Archive for the ‘Open Source’ Category

SVLUG Meeting: Not Your Father’s Assembly Language with Randall Hyde

Wednesday, July 7th, 2010

At Silicon Valley Linux Users Group tonite, Randall Hyde talked a bout a more modern implementation of assembly language, HLA – the High Level Assembler.

He talked about his career as a programmer, college lecturer at UC Riverside, computer book author and developer of nuclear reactor control software.

It was interesting to hear first-hand that CS students during the dot com boom actually did enroll “just for the money”, regardless of interest in science or ability.

Originally his book on HAL was a download-only book, but No Starch Press was looking for content and actually contacted him for permission to publish it. It proved to be a popular book and another version is planned.

He said it takes about 2 years to learn the domain-specific knowledge about nuclear reactors, plus whatever time it takes to learn the programming languages or tools used for the project.

Using a debugger on nuclear reactor control software results in a scram, so planning ahead is a good idea.

Thanks again to Symantec for hosting the meeting.

MySQL Privilege System Still a Mess in 2010

Tuesday, July 6th, 2010

It’s already 2010, but the MySQL privilege system has been a mess for over a decade.

Most DBAs are aware that under heavy connection load, the MySQL internal resolver can have problems resulting in login failures, if you don’t use skip-name-resolve.

But I found what appears to be another serious bug …

After issuing a GRANT to create a new user with a wildcard hostname like ‘nagios’@'%.domain.com’ and REPLICATION CLIENT privilege recently to 10x 5.1.30-pro lightly-loaded slaves on CentOS 5.4 without skip-name-resolve, one of the slaves stopped accepting remote connections from any user name. (Local connections still worked fine for all users.)

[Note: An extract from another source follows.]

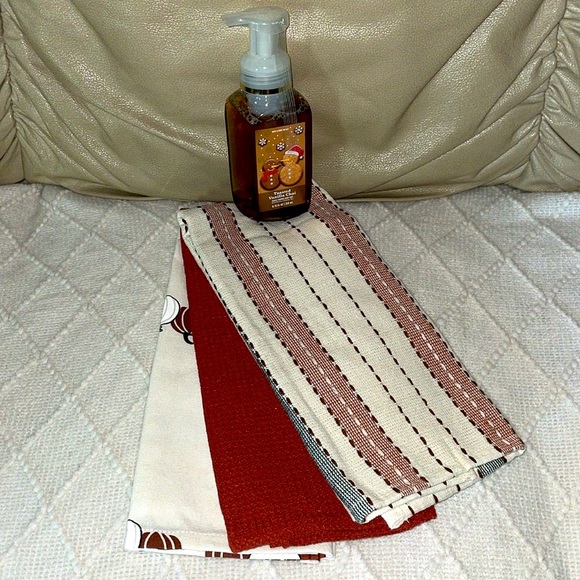 NWT Pumpkin Kitchen Towel Set with Hand Soap. - Picture 2 of 3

That’s right … the only change was a GRANT.

Execute the GRANT command …


mysql> GRANT REPLICATION CLIENT on *.* to nagios@'%.domain.com' IDENTIFIED BY 'password';

On a remote server …


$ mysql -u user -ppassword -h hostname
Error 1045: Access denied for user 'user'@'hostname' (using password: YES)

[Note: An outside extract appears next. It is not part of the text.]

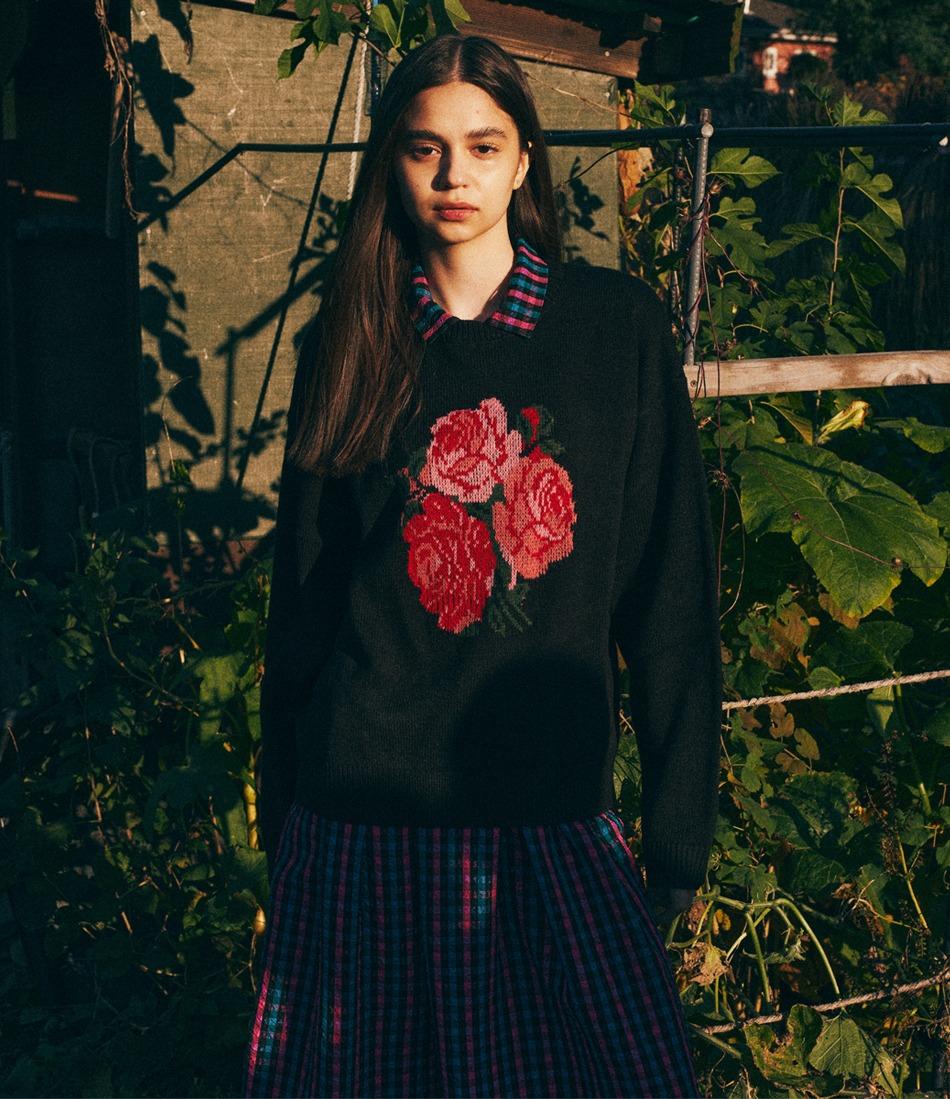 FLOWER KNIT SWEATER(BLACK)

The only thing a little odd about that machine was more than 1 hostname or domain name for that host.

So what can one do to lessen occurrences like this, or at least not get bitten as hard?

  • disable hostname lookups with skip-name-resolve
  • preconfigure grants before going into production
  • expect the unexpected when changing grants in any way
  • know how to quickly and cleanly shutdown the mysql instance and restart it, ideally with startup scripts.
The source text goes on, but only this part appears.